A "short, sharp, shock" is needed to tackle sectarianism in the short-term in Scotland, according to football supporters across the country.
Old Firm supporters offered different perspectives
Consultation with fans of 17 clubs found many believe sectarianism is a problem of Scottish society rather than Scottish football.
The report from Professor Bert Moorhouse called on the Old Firm to join forces to tackle bigotry.
And it recommended footballers should be given anti-sectarian training.
The independent report was based on discussions "with some of the most experienced, most travelled and most dedicated football fans in Scotland".
Professor Moorhouse found sectarianism was seen as a major problem in Scottish football.
It was viewed predominantly as a located within fans of Celtic and Rangers, though Hearts and Airdrie United were mentioned.
The report stated: "A generally expressed view was that, while the rest of Scotland has 'moved on', the Glasgow region is still locked into an outmoded, strange and unpleasant 'tradition'."
Celtic supporters involved in the consultation agreed sectarianism was a major problem but see it as much more widespread than other supporters.
They said they are the recipients of sectarian sentiments.
Rangers supporters were the only group which felt sectarianism was not a major problem in Scottish football.
They argued the situation had been getting steadily better over the last few years and told researchers they believed it was nowhere near as bad as painted.
The report recommends:
- Celtic and Rangers merge their current anti-sectarian initiatives
- The executive and the Scottish Football Association fund a sustained publicity campaign against sectarianism
- All footballers playing for major clubs receive anti-sectarian training.

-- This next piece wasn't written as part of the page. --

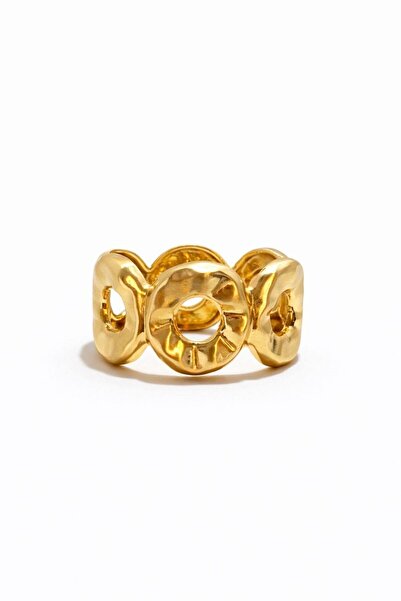Angelovia Modern Gold Color Thick Form Bracelet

- The executive and Sportscotland provide a small fund for supporter led initiatives to counter sectarian sentiments
- Modifications to half-time entertainment at Ibrox and Celtic Park to emphasize both are Scottish clubs
- The executive, police, Celtic, Rangers and stewarding companies review policies for marshalling football fans
- Celtic and Rangers review their current procedures for the allocation of tickets for their away matches and facilitate self-policing
The report also suggests the executive and SFA meet with editors and sports editors to discuss coverage of sectarianism.
Sports Minister Patricia Ferguson said: "The vast majority of fans attend matches for the love of football and a desire to support their team.
"However, there are those that continue to use football as a platform to articulate unacceptable expressions of sectarian hatred.
"I am pleased that fans from our football clubs have aired their views, which will inform the executive's drive to combat sectarianism in football."